The PSD2 directive has been delayed, but will we be ready for it despite the extra time allowed? Will businesses be prepared? Are consumers even aware? And how will it affect us all?
The second Payment Service Directive has been put forward by the European Union to help control and regulate the emerging payment services, such as digital challenger banks, smart payment apps, and potentially the cryptocurrency ecosystem in a manner consistent with traditional models. The idea is to make payments more secure, help to keep prices down and to create a system of governance for the new tech-based methods, without the risk of deterring innovation or startups.
The directive now comes into force on March 14, 2021. It’s arguably a good idea. On the surface, anything compulsory that requires investment can feel like a bad thing for business. And with PSD2, one of the major negatives is that because of this, most businesses are not yet ready for the change. Why? Sure, there will be cases of "why do today what you can put off until tomorrow?" But it’s also because it involves a huge amount of work. And coming hot on the tail of GDPR, which required a whole different set of preparation, businesses — particularly smaller operations — simply haven’t had the wherewithal to implement the changes necessary to keep up with the new regulations.
So, while your village corner shop probably won’t suffer immediately for not having the means to function within the PSD2 framework, they will eventually. And larger companies will feel the pressure sooner, as transactions are declined and greater pressure on alternative payment methods comes into play.
However, in the longer term, a safer, more secure framework is being put into place. The breadth of the potential of new payment methods — for both customers and businesses — is being highlighted. The limitations of the 30-year-old, pre-internet card system also is exposed. So, the argument here really can’t be that PSD2 is a bad thing. Simply that the enforcement of a hard break could be untenable. And perhaps more European countries should get behind the FCA's decision to postpone SCA (strong customer authentication) integration as part of PSD2, with a view to the gradual implementation over time.
Thus far PSD2 may well have escaped the typical consumer’s notice. But it could eventually impact upon purchasing experiences. It’s estimated that as many as 40% of transactions could be declined in the initiation period. This and other changes could well cause friction for consumers. So, is it going to be a worthwhile change for them?

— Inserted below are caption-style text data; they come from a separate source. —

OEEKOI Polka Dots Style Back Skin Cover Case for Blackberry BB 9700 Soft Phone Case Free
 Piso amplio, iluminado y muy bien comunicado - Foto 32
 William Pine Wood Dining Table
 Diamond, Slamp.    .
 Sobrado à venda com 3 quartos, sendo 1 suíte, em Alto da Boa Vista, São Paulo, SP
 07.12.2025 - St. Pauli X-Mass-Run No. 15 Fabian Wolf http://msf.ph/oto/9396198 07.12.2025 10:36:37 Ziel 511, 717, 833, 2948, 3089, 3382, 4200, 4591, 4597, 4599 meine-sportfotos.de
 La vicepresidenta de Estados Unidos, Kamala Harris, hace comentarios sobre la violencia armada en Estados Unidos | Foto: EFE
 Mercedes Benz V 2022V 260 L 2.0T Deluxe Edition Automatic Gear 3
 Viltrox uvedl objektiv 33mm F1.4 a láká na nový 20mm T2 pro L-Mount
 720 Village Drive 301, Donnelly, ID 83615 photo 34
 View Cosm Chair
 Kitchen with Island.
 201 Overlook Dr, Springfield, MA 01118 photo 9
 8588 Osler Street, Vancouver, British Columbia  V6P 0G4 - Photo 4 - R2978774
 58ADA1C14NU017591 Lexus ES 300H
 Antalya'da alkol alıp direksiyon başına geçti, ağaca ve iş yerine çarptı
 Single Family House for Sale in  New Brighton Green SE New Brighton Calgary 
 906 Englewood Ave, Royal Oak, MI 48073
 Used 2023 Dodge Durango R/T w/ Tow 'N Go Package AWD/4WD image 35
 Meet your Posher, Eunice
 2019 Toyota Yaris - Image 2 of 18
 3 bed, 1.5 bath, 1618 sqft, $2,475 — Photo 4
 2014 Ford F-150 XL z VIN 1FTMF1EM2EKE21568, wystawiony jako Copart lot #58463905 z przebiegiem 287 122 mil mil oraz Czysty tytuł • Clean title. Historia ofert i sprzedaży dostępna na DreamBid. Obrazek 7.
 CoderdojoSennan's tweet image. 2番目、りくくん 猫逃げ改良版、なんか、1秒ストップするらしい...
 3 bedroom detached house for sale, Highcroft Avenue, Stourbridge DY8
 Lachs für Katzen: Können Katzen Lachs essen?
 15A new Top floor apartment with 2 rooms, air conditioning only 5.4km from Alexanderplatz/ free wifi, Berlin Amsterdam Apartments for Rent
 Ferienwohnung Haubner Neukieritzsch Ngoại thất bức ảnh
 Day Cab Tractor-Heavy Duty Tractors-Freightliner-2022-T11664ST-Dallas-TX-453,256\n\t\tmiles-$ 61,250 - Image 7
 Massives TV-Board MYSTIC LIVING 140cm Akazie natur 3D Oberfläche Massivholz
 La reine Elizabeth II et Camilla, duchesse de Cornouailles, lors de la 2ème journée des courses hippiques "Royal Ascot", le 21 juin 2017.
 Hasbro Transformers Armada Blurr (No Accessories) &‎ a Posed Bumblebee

When taken alone, maybe not. But as smart banking becomes integrated into the traditional banking framework, it could deliver the best of both worlds: the flexibility of the emerging technology, with the security and stringent regulations of the established system. But this will only be perceived as beneficial with hindsight if the implementation can be gently phased, avoiding the potential disruption of a hard break, something the extra 18 months might help us achieve.
Whether customers ultimately come on board with PSD2 and smart banking remains to be seen. And the ease of implementation will undoubtedly influence that. But I am of the opinion that as great products and services grow, the general standard of banking interfaces will need to rise to meet them. That means open data and APIs will have made life better for everyone and from a customer’s perspective, that's a positive.